DATASET CONTENT =>
#####
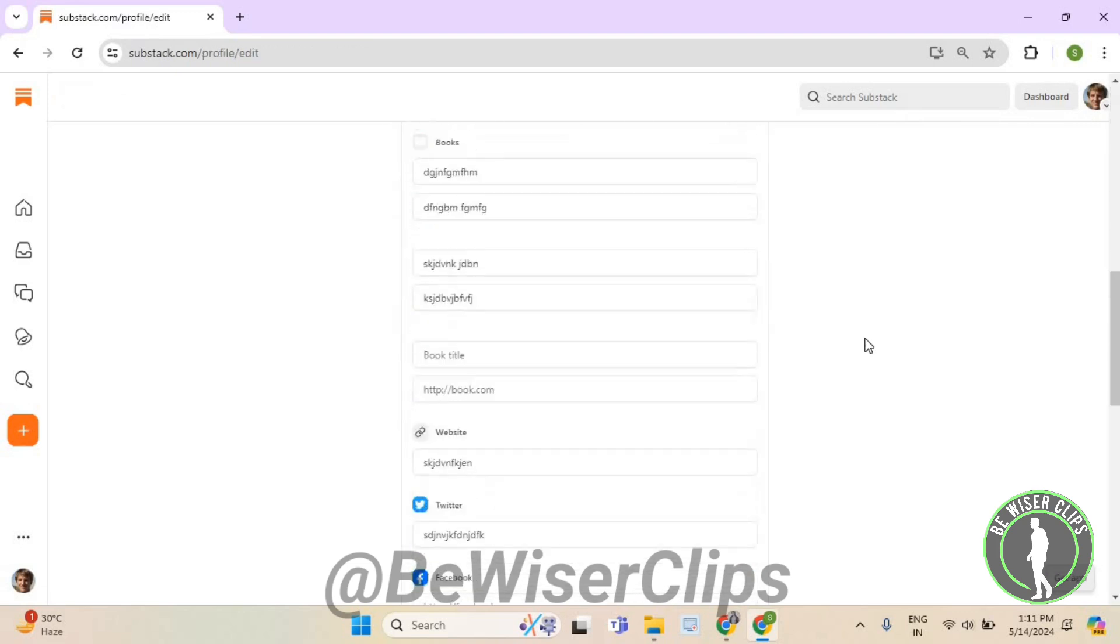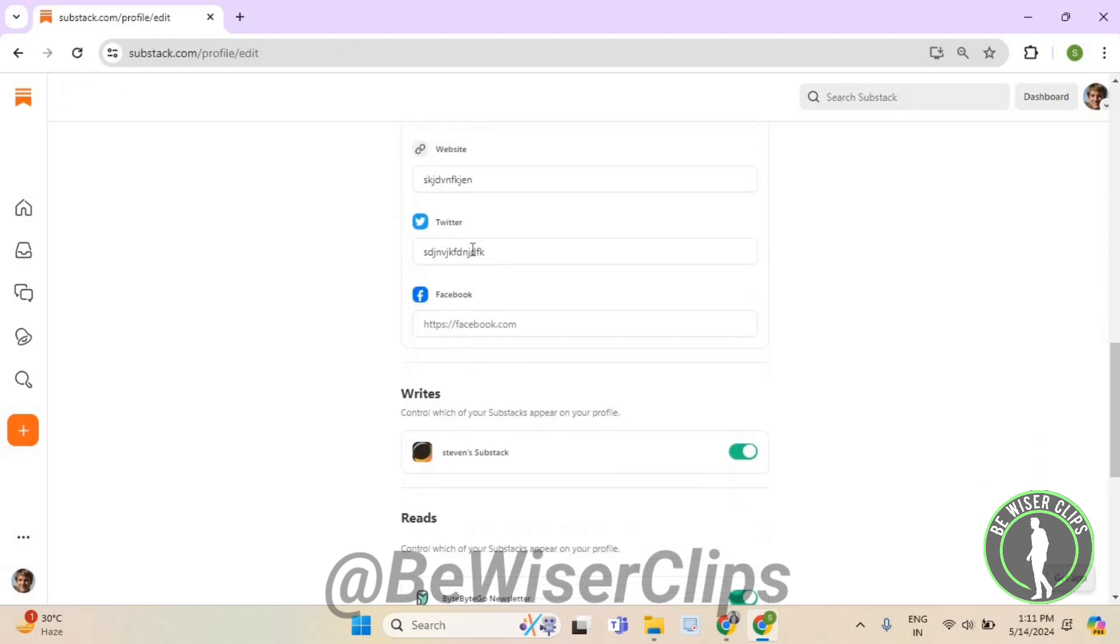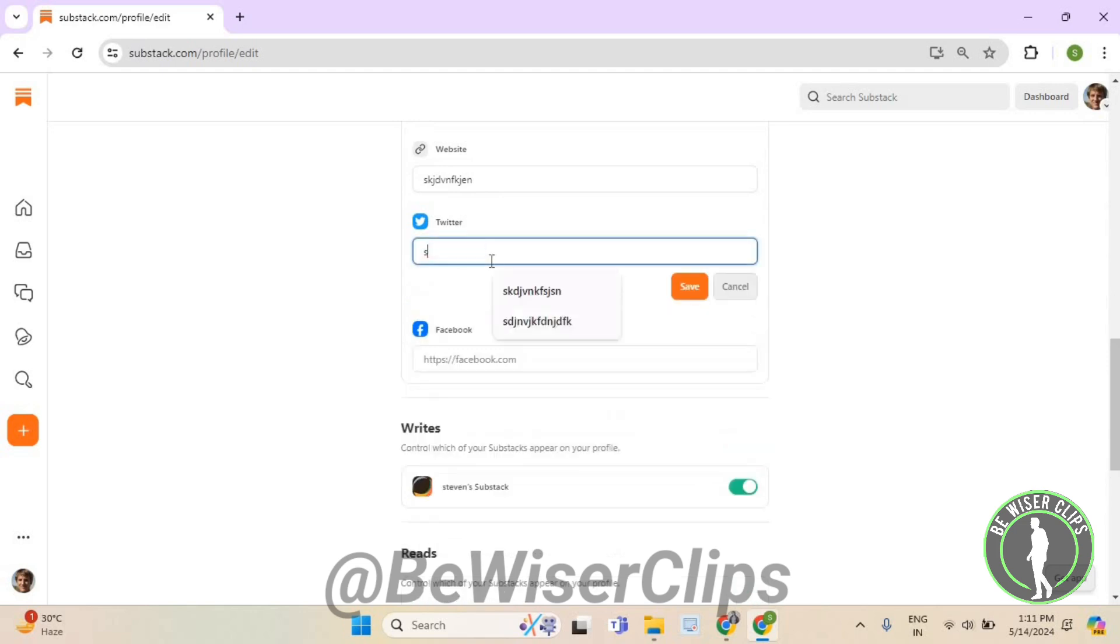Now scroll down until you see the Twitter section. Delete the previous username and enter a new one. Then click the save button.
#####
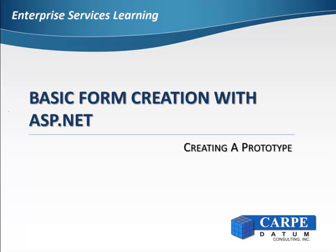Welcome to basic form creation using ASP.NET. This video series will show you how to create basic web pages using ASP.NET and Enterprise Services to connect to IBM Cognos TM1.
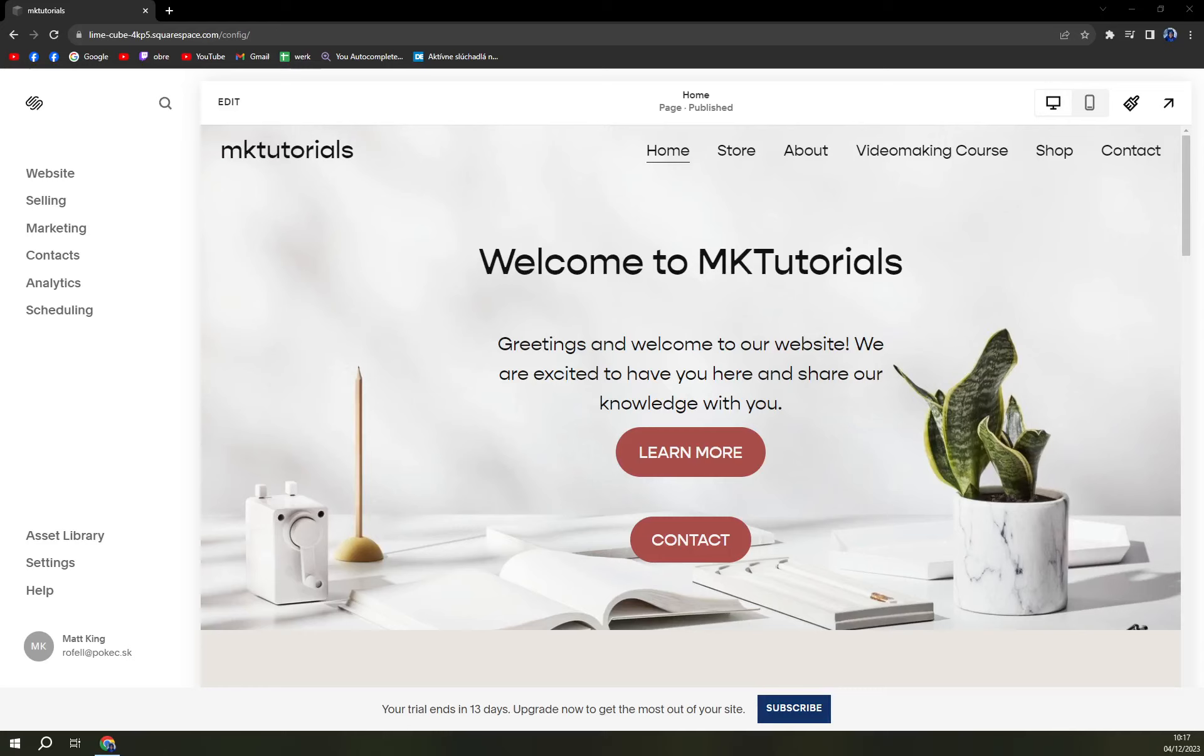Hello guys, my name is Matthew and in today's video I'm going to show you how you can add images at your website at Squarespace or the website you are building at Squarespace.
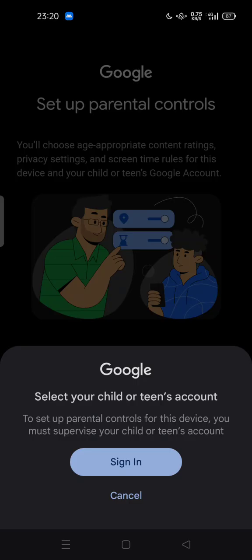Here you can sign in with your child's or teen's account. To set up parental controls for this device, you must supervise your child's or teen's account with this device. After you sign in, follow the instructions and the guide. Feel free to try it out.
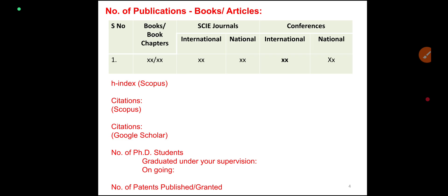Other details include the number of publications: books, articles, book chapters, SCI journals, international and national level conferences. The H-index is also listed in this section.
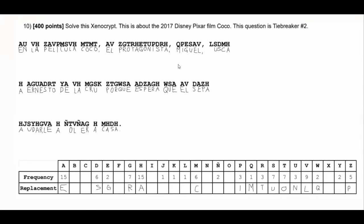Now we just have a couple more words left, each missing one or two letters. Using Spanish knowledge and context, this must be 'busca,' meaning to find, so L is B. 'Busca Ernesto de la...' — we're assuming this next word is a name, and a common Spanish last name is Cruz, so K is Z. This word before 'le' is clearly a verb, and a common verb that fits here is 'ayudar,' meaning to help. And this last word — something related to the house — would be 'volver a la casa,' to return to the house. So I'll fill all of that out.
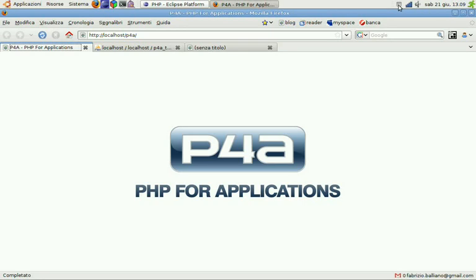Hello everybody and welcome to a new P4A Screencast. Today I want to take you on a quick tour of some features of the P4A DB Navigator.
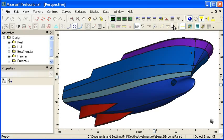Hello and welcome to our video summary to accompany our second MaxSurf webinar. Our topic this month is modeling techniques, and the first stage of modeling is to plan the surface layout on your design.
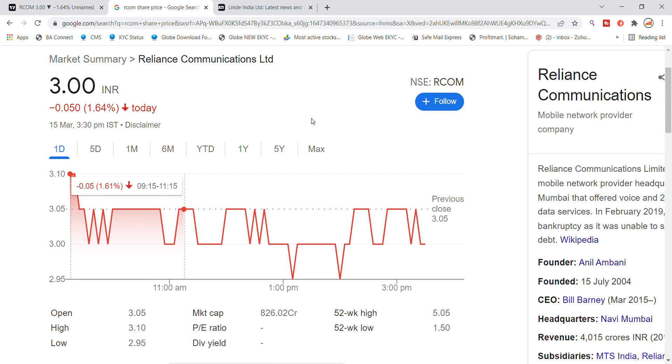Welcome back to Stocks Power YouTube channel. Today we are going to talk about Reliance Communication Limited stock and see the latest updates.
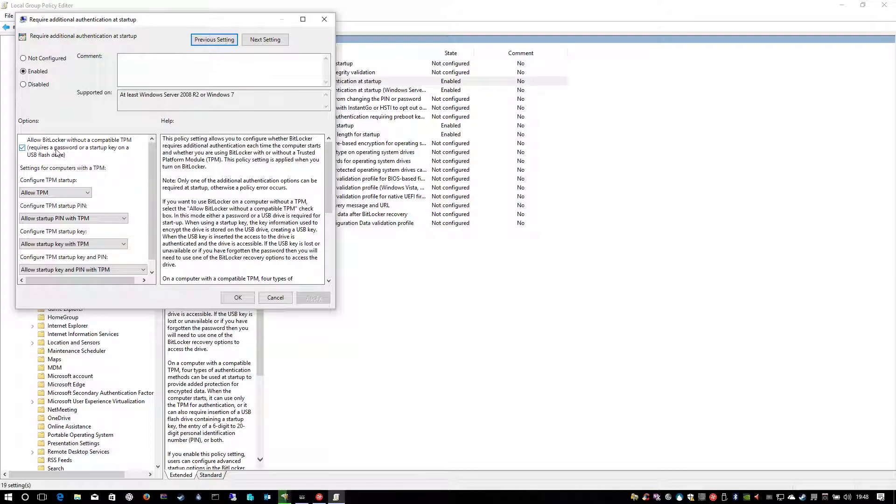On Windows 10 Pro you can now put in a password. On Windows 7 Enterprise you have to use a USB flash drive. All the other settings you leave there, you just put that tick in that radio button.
#####
EXERCISE DETAILS => With the pictures removed, print only the lines starting at the line that has "Now we just" and ending at the line that has "Hello and welcome", both ends included, exactly as they stand above.

RESULT BELOW =>
Now we just have a couple more words left, each missing one or two letters. Using Spanish knowledge and context, this must be 'busca,' meaning to find, so L is B. 'Busca Ernesto de la...' — we're assuming this next word is a name, and a common Spanish last name is Cruz, so K is Z. This word before 'le' is clearly a verb, and a common verb that fits here is 'ayudar,' meaning to help. And this last word — something related to the house — would be 'volver a la casa,' to return to the house. So I'll fill all of that out.
Hello everybody and welcome to a new P4A Screencast. Today I want to take you on a quick tour of some features of the P4A DB Navigator.
Hello and welcome to our video summary to accompany our second MaxSurf webinar. Our topic this month is modeling techniques, and the first stage of modeling is to plan the surface layout on your design.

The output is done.